On Wednesday, when Russia vetoed the draft resolution, Russian envoy to the United Nations Vitaly Churkin was very clear in Moscow's position on the document.

"The project submitted by the delegation of the United Kingdom has turned nonconstructive, confrontational and politically motivated. It contained considerable imbalances which puts the blame for what happened entirely on one nation. An approach, which singles out just one war crime, out of all the military offences committed, is absolutely lawless and illegal and can lead to the deepening of already painful breakup within Bosnian society," he said.

Elena Guskova provided her explanation of what might actually lie behind such an insistence to lay the blame on one nation.

"If the UK's resolution was voted for in the UN Security Council, the consequences would have been rather catastrophic for the Serbians and all the Orthodox Slavs in the Balkans. Having blamed only one nation for the genocide during the clashes between several nations back in 1990's, one could further raise a question of blaming the Serbs for everything that was going in the Balkans back then, for all the wars and all the victims."

"And, as a result, NATO actions in the Balkans back in 1999 could have been justified. NATO launched its 78-day bombing of Yugoslavia without the resolution of the UN Security Council, and with the resolution on Srebrenica they would have had an excuse: if they are guilty we could have bombed them."

Vitaly Churkin wants to leave it to historians to analyze the turn of events that led to the conflict in the former Yugoslavia.

"Let the historians analyze the peripetia and the genesis of the conflict, including the role of different countries and unions, who made the hasty decisions, in the emergence of the mere conflict in Yugoslavia.

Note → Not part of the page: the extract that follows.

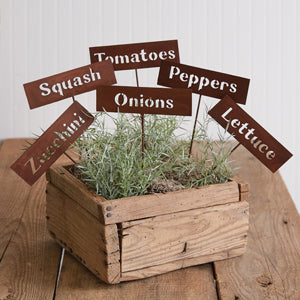 Set of Six Rustic Plant Markers - Countryside Home Decor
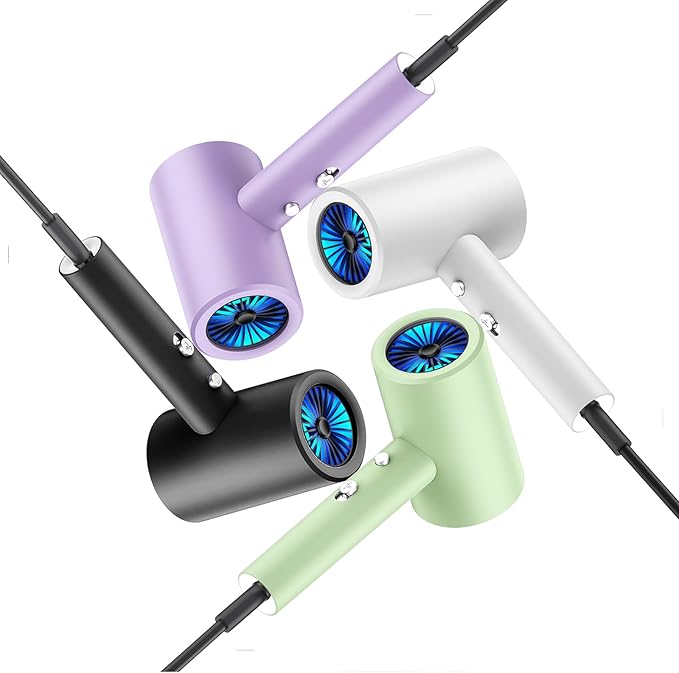 Salon Styling Hair Dryer with Wall Holder【Blue Light Negative Ions】 Fast Drying，High Power HairDryer for Home & Travel【Equipped 360 Rotatable Blow Dryer Stand 】 110V Matte Texture - Graphite Ash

Let the scholars help the secretariat of the UN and the international community to understand where our organization was too weak to act."

Guskova however gave her vision of the conflict.

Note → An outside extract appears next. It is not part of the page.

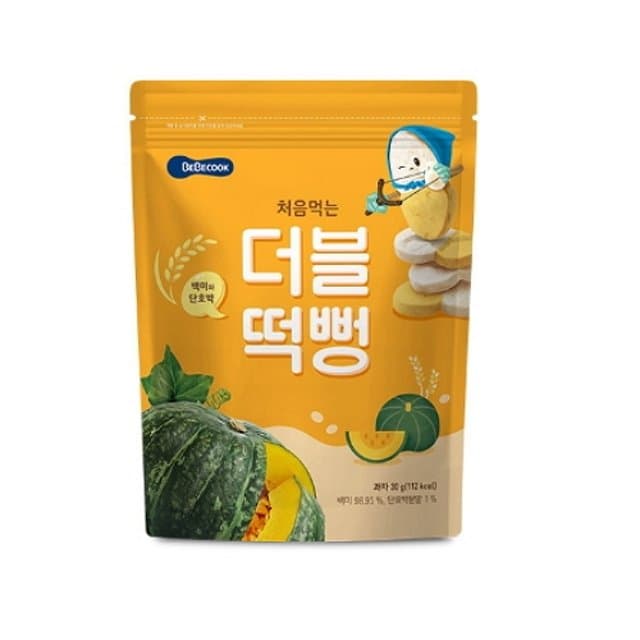 베베쿡 처음먹는 더블떡뻥 백미와 단호박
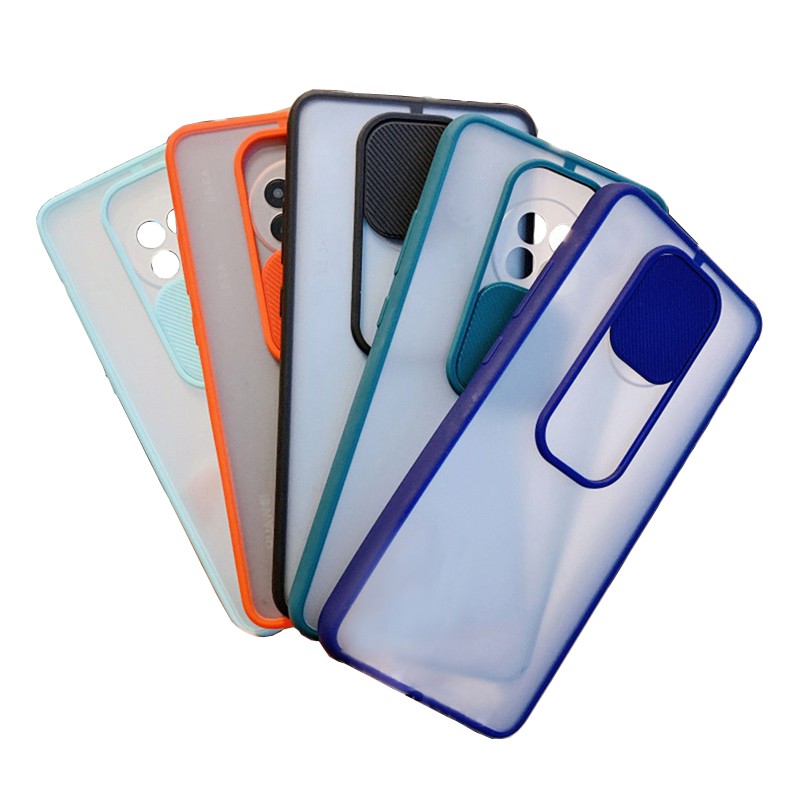 Koosuk Hard Plastic Soft Edge Slide Push Window Phone Case For Xiaomi Redmi Note 9 Pro Max 9S 10 10S 10X 4G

"The Serbian army decided to enter Srebrenica to stop the forays of the Muslim army, which concentrated in the UN zone, in the security zone," she said.

On May 6, 1993 a UN Security Council resolution declared the town a demilitarized zone and several hundred Dutch peacekeeping forces were stationed near it to allegedly protect the enclave.

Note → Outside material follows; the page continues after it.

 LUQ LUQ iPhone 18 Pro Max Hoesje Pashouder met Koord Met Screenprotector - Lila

"There should have been no army at all," she added. "And when this zone was declared, then the Muslim army under the factual protection of UN and its Blue Helmets, regularly undertook forays killing, destroying and torturing the Serbian population. Before 1995, up to 4,500 Serbs were killed. And to prevent the murdering of the Serbian population, the Serbian army decided to enter Srebrenica. And it did it very quietly."

"The Serbian army marched through 43 Muslim settlements without destroying a single house and without killing a single person. And when they entered Srebrenica, they formed a column out of the Muslim officers and allowed them to leave Srebrenica for the town of Tuzla. And then there was shooting on the way and there were victims. But how it all happened remains unclear to this very day."

Vitaly Churkin also stressed that UN Security Council very conveniently chooses an occasion when to convene and when to submit a resolution, leaving out some extremely major events.

"Recently there was the 40th anniversary of the end of Vietnam War. Why haven't you convened the meeting of the UNSC then [on April 30]? Why haven't you prepared the draft resolution where you could condemn the carpet bombings of Hanoi or the use of napalm or the mass killing of 500 unarmed civilians in the village of My Lai by Lieutenant William Calley, among others, who was generously paroled by the US president?" he questioned.

"Recently there was the 10th anniversary of the illegal invasion of Iraq by the US and the UK [March 19,], which resulted in the death of millions of civilians and the cruelest ongoing crisis in the country. Why haven't either the US or the UK suggested adopting the UNSC resolution which would have called things by their proper names?"

These questions just hang in the air.

Meanwhile, Churkin was the only delegate to call for a minute of silence to be observed in mourning for those who died in Srebrenica 20 years ago.